When to actually break out a service
I am not anti-service. I’ve extracted dozens. The signals I now look for before doing it are all organisational or operational — not technical:
- A specific team wants to deploy on a different cadence, right now, not theoretically in a year.
- A specific workload has a runtime or scaling profile the monolith can’t serve cheaply — e.g., a CPU-hungry ML inference path.
- A specific capability has a different compliance or tenancy boundary — e.g., a PII-heavy surface that needs its own audit trail.

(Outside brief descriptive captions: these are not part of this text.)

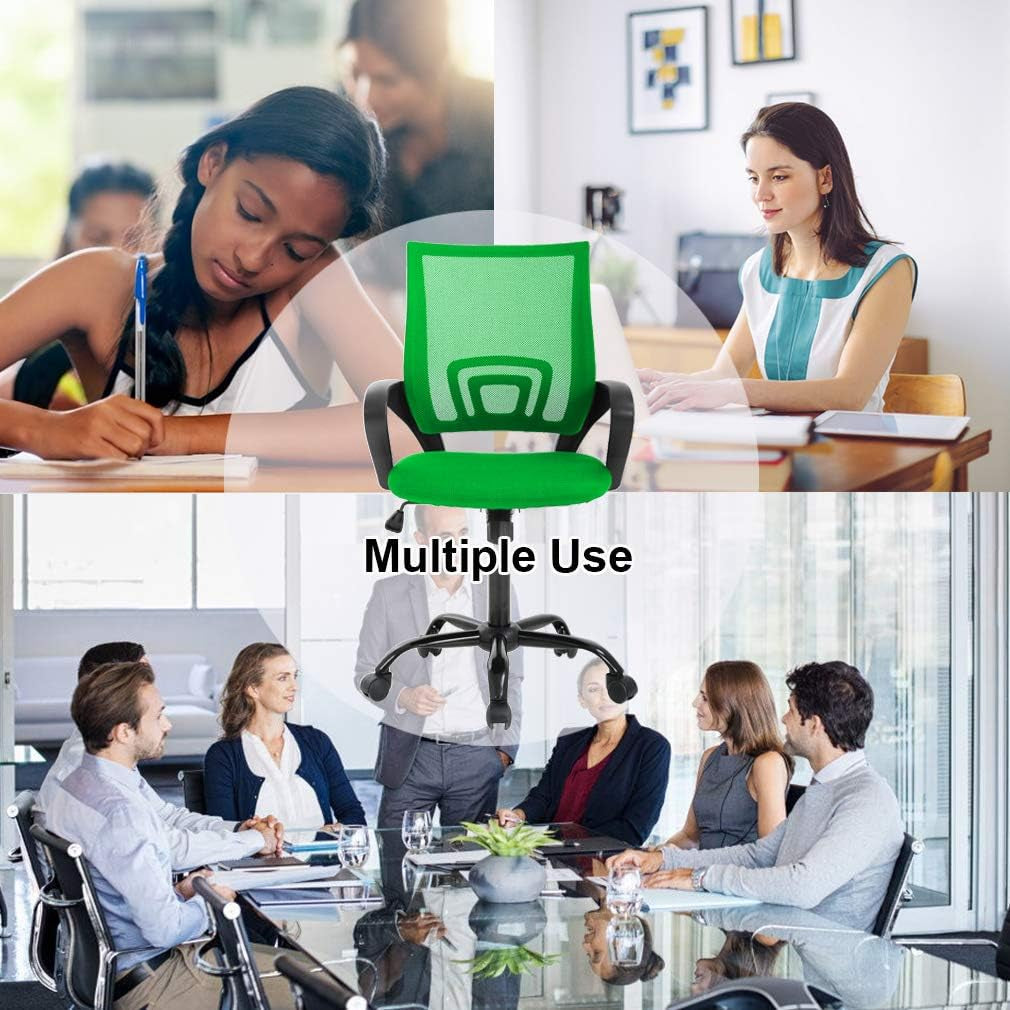 Green Ergonomic Mesh Office Chair With Lumbar Support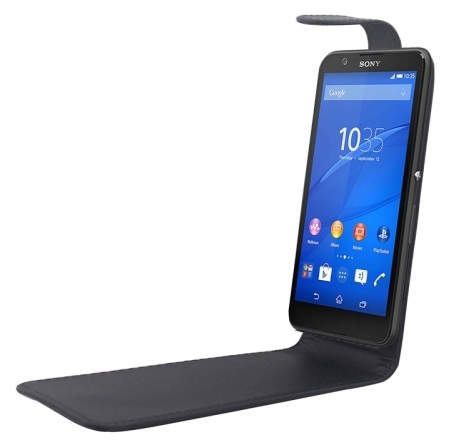 Sony Xperia E4 Leather Flip Case (Black) (OEM)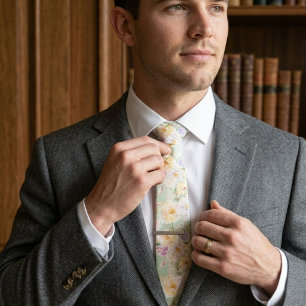 Elegant unique sober floral minimal neck tie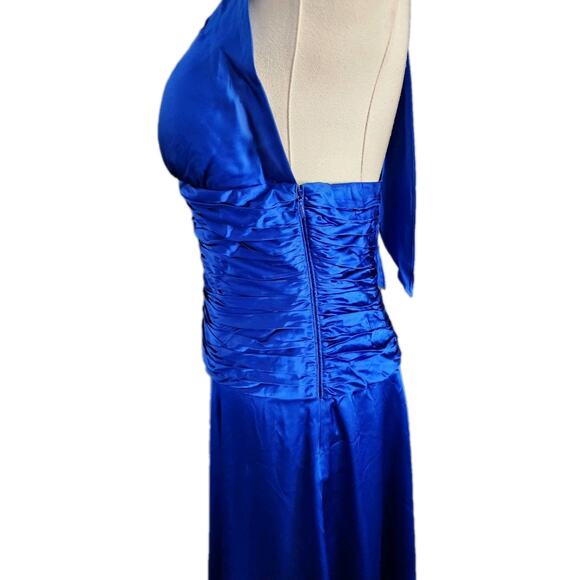 Cache Silk Dress 6 Halter Ruched Waist Vintage Y2K Scarf Hem Fairy Prom Wedding - Picture 4 of 7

- A vendor integration is naturally a service — e.g., a webhook receiver that has to keep running during a monolith deploy.
The common factor: every one of these is a real, named, concrete pressure. “To be Modern” is not on this list and never will be.
The receipts
This is the part where I’d normally cite a specific p99 number or a quantified deploy-time improvement. Instead I’ll cite the thing that most convinced me:
At Bytro, after we consolidated a previously over-fragmented service topology back into a tight modular monolith, the team’s on-call rotation got quieter. Not because we had fewer incidents — we had roughly the same number. But a “single service got paged” incident is a one-engineer, one-terminal, one-rollback problem. A “six services are confused about each other’s state” incident is a six-engineer conference-call problem, and you don’t get back the sleep you lost to those.
The on-call rotation is the truth-teller about your architecture. If your rotation is healthy, the architecture is working. If your rotation is a folk tax, the architecture is wrong — regardless of what shape it’s drawn in on the whiteboard.
The modern part
I’ll admit the quiet: in 2025 and 2026, the monolith + boring-tech stack is the one I’d ship the most exciting things on. AI-assisted development is vastly easier when the whole codebase fits in an agent’s context window. A modular monolith fits. Nine services with four different languages and sixteen config formats do not.
If you want your AI tooling to be useful, give it a codebase it can read. The 2026 case for the monolith is, unexpectedly, that it’s the fastest architecture for an LLM-driven engineering workflow. Which is, somehow, the most 2026-coded sentence I’ve ever written.